### [DATA BLOCK]
————————

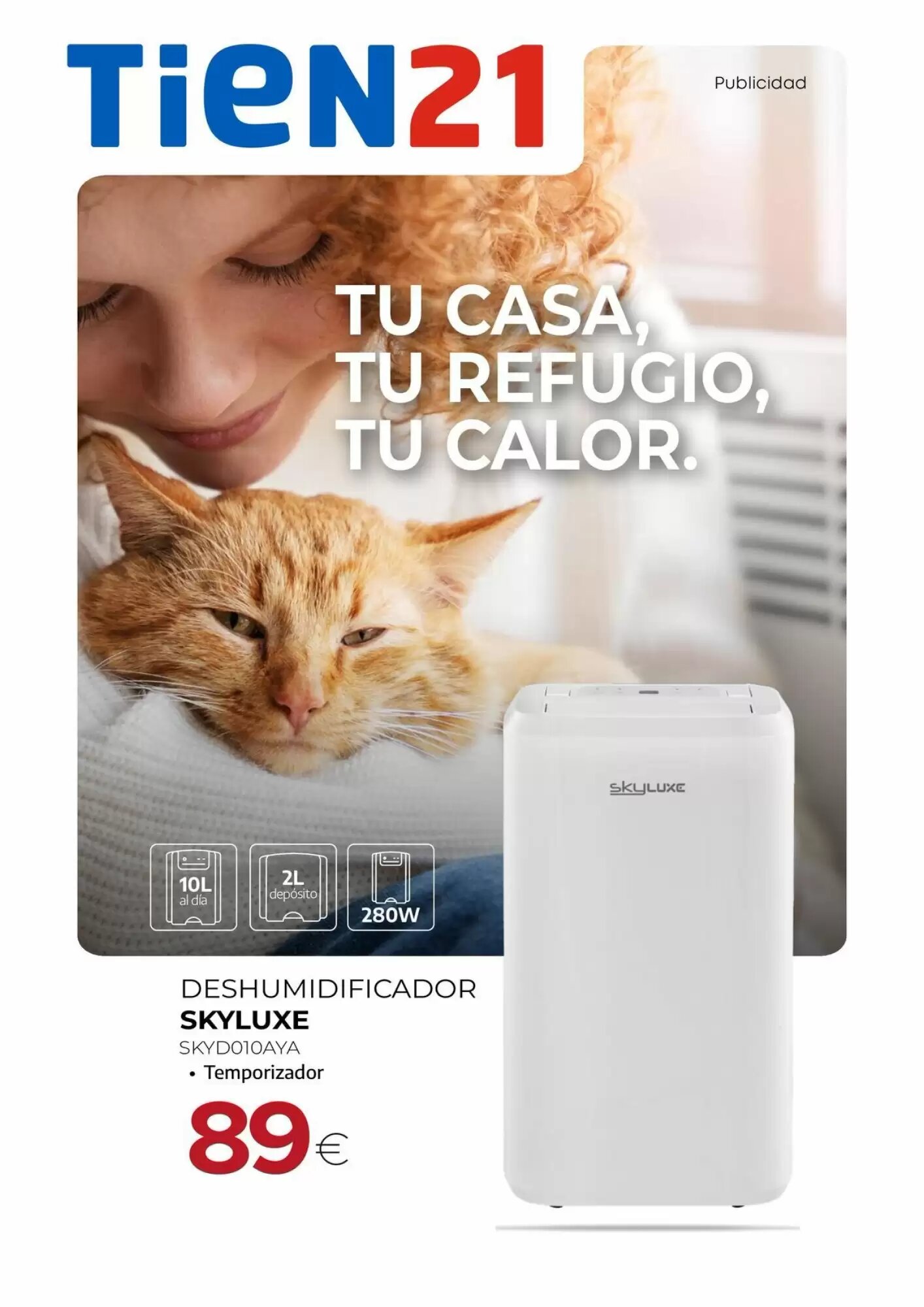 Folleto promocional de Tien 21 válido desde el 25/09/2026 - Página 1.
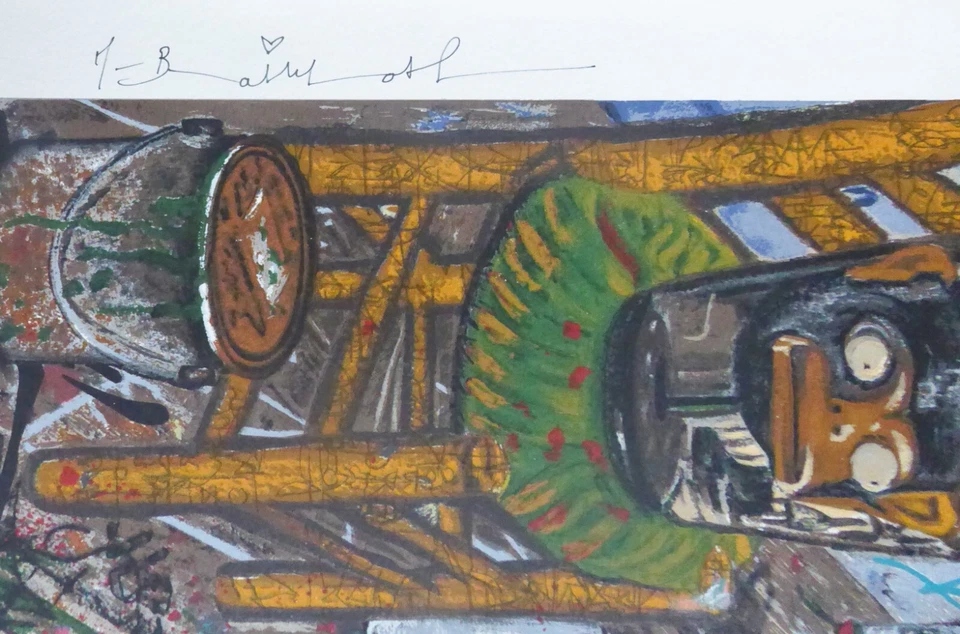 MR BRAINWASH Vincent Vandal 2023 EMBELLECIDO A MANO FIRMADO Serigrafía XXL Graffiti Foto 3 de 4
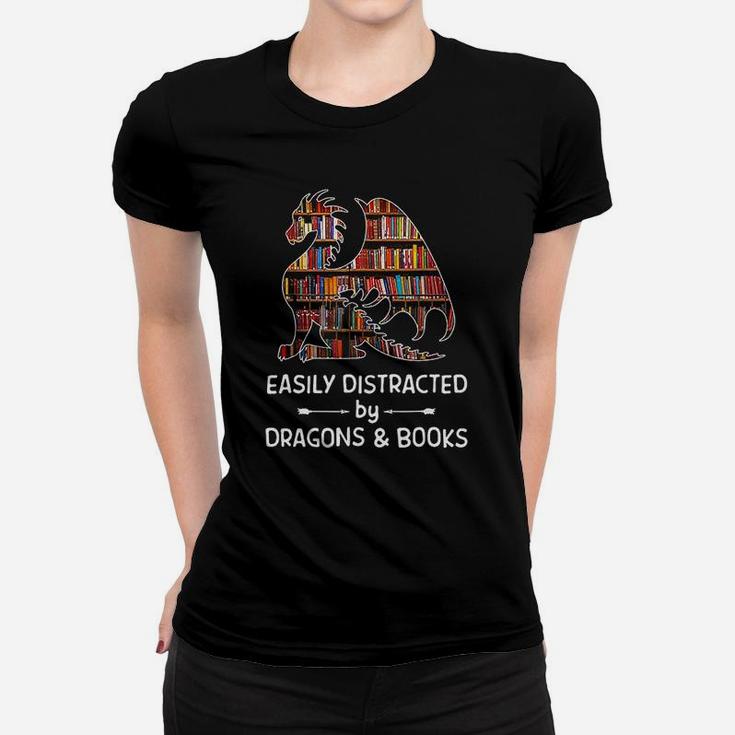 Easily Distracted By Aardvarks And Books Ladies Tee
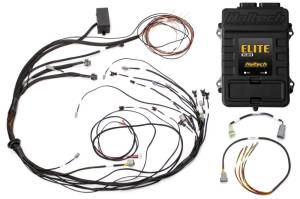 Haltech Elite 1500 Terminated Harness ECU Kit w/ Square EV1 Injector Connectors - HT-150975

————————

### [DIRECTIONS]
Transcribe the data exactly and leave no picture in the copy.

### [FINISHED TASK]
 Folleto promocional de Tien 21 válido desde el 25/09/2026 - Página 1.
 MR BRAINWASH Vincent Vandal 2023 EMBELLECIDO A MANO FIRMADO Serigrafía XXL Graffiti Foto 3 de 4
 Easily Distracted By Aardvarks And Books Ladies Tee
 Haltech Elite 1500 Terminated Harness ECU Kit w/ Square EV1 Injector Connectors - HT-150975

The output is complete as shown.